Daylight brought with it its own problems. I knew he was going to leave me. He'd been dropping hints about it for some time. He had always been withdrawn, but now it was as if I wasn't even there, most of the time. He talked about things unknown to me, some kind of fighting tournament he was going to join. Bullshit! I knew he hated violence, and a fighting tournament was just senseless violence under another name. Why couldn't he just come right out and tell me he'd gotten tired of me, gotten tired of our shared lifestyle? It wasn't as if I was going to throw a temper tantrum or beg him to stay or anything. I knew the terms when I made him that offer. Mutual lust and all that. I didn't care that he wanted to leave, but couldn't he at least be honest about it?

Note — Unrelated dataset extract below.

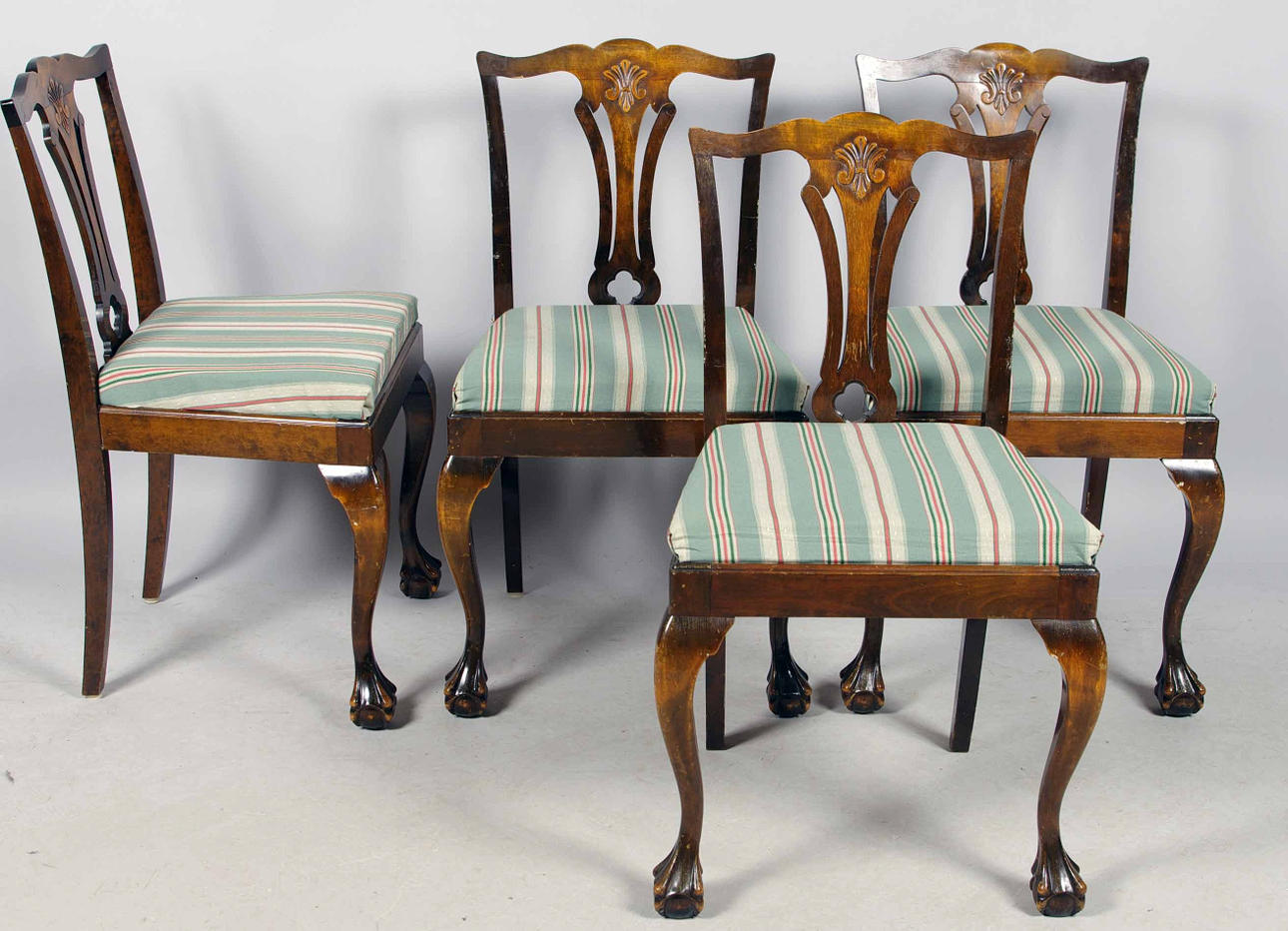 STOLAR, 4 stycken, björk, chippendalestil.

I didn't care. I really didn't.

One morning I woke up and he wasn't there. That was three days ago. His things were gone so I knew he hadn't just gone down the block to buy cigarettes as he sometimes did. My room was empty. The apartment was empty.

And I was empty too, as I went about brushing my teeth and putting on my clothes. There was a hollowness in my chest, as if someone had made a hole in me and everything had leaked out like sand. I didn't know what I was feeling.

I found out later that he'd transferred a huge amount of money into my account. I wanted to be angry at him. What did he think I was? But I knew he probably didn't mean anything insulting by it. He just has no tact at all, the idiot. Ha, another one of his numerous shortcomings.

I'm not crying. I'm not.

Sometimes things come back to me, flashes of memory. Laughing at a shared joke. Eating Chinese take-out on the floor, the languid grace of him as he sprawled carelessly against the couch, chopsticks waving about madly as he talked. Brushing my fingers through his sunset hair, my breath on his skin, and feeling... feeling as if this was all that mattered, this moment suspended in time, skin to skin, breathing in the heady scent of him, his eyes the gray of wind-kissed lake into which I could fall forever and never resurface.

I miss him. I miss him so much I could die.

How do you explain something like that?